* _RECORDED INFORMATION_:
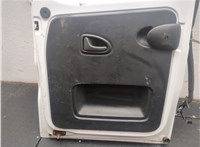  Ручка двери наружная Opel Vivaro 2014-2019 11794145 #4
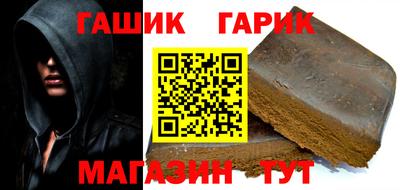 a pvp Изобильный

==

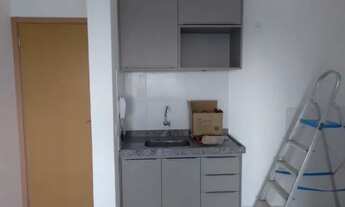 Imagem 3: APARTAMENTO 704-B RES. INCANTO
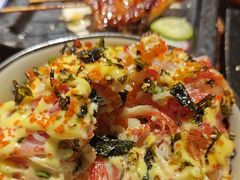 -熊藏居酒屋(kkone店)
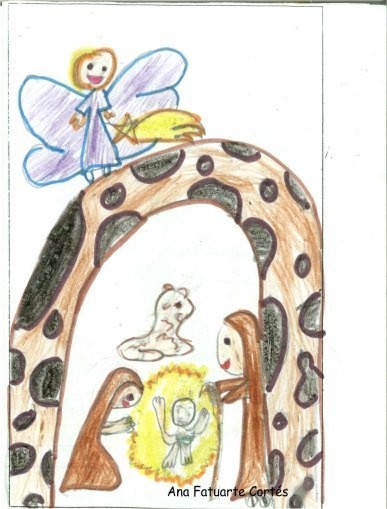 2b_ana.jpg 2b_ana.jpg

==

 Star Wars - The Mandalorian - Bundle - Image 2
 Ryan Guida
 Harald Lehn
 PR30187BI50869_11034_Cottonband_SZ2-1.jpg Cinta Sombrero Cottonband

* _ACTIVITY_: Taking the entries above, write out exactly each line from the one holding "Harald Lehn" to the one holding "PR30187BI50869_11034_Cottonband_SZ2-1.jpg Cinta Sombrero", both included, and stop there.

* _RESPONSE BOX_:
 Harald Lehn
 PR30187BI50869_11034_Cottonband_SZ2-1.jpg Cinta Sombrero Cottonband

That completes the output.